No digo lo de monumento por decirlo, sino porque creo que estos establecimientos son un patrimonio más de las ciudades y porque en este sitio se "pintaban" a la perfección muchos de los platos típicos del Campo de Gibraltar. Se servía historia metía en tomate.

Casa Bernal no ha cerrado por falta de clientes. Ha cerrado porque su último gerente, Antonio Bernal, más conocido como Kuki, ha fallecido y su hermana May, que se ocupaba de la cocina no puede seguir en solitario al frente del local. De todos modos, y esa es la buena noticia, no parece que estemos ante un punto y final sino tan sólo ante un punto y aparte, que durará el tiempo en que se prepare la cuarta generación de la familia para hacerse cargo del local.

Este tipo de monumentos no pueden perderse porque son un bien de la sociedad, un museo, en el que no se conservaban ni pinturas acrílicas, ni mármoles esculpidos a cincel, sino guisos ya muy difíciles de encontrar y que May, que heredó las recetas de su madre Rosa Duque, interpretaba con acierto.

En Casa Bernal se podía todavía tomar el "rosto" , un plato de pasta con influencias de varias culturas y que era típico del Campo de Gibraltar. Se disfrutaba de la minestra, una especie de sopa de verduras de influencias gibraltareñas. Se tomaban unos excelentes fideos con pescado y marisco y se servían verdaderas joyas como un bacalao metío en tomate y decorado con dos mitades de huevos duros, era como encontrarte una lámpara del siglo pasado pero que aún seguía dando la luz más brillante.

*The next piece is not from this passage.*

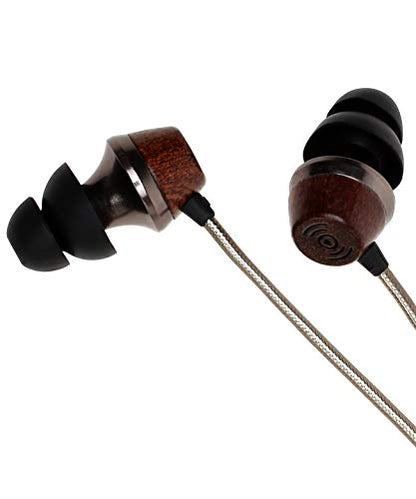 Symphonized ALN 2.0 Premium Genuine Wood In-ear Noise-isolating Headphones|Earbuds|Earphones with Innovative Shield Technology Cable and Mic (Gunmetal) - color: Gunmetal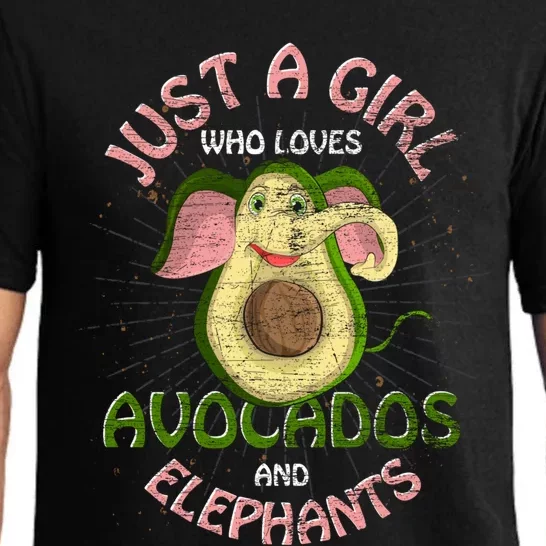 Africa Animal Just A Who Loves Avocados And Elephants Funny Gift Pajama Set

El cierre de Casa Bernal no puede pasar desapercibido y hay que ayudar a May para que pueda encontrar la fórmula de reabrirlo porque la sociedad no puede perder estos monumentos. Su comedor era tan de película que encandiló al escritor Arturo Pérez Reverte. Cuando comí allí tuve la sensación de que no sólo salía calor de los guisos y del queso fundido del espléndido San Jacobo, sino que también salía como una especie de abrazo de todo el local, de la chimenea del comedor, de los azulejos de colores de las paredes, de la estantería algo descuajeringá de la barra, pero sobre todo de sus propietarios, capaces de escribir obras de arte en platos de loza blanca, obras de arte que no se aplauden, se rebañan.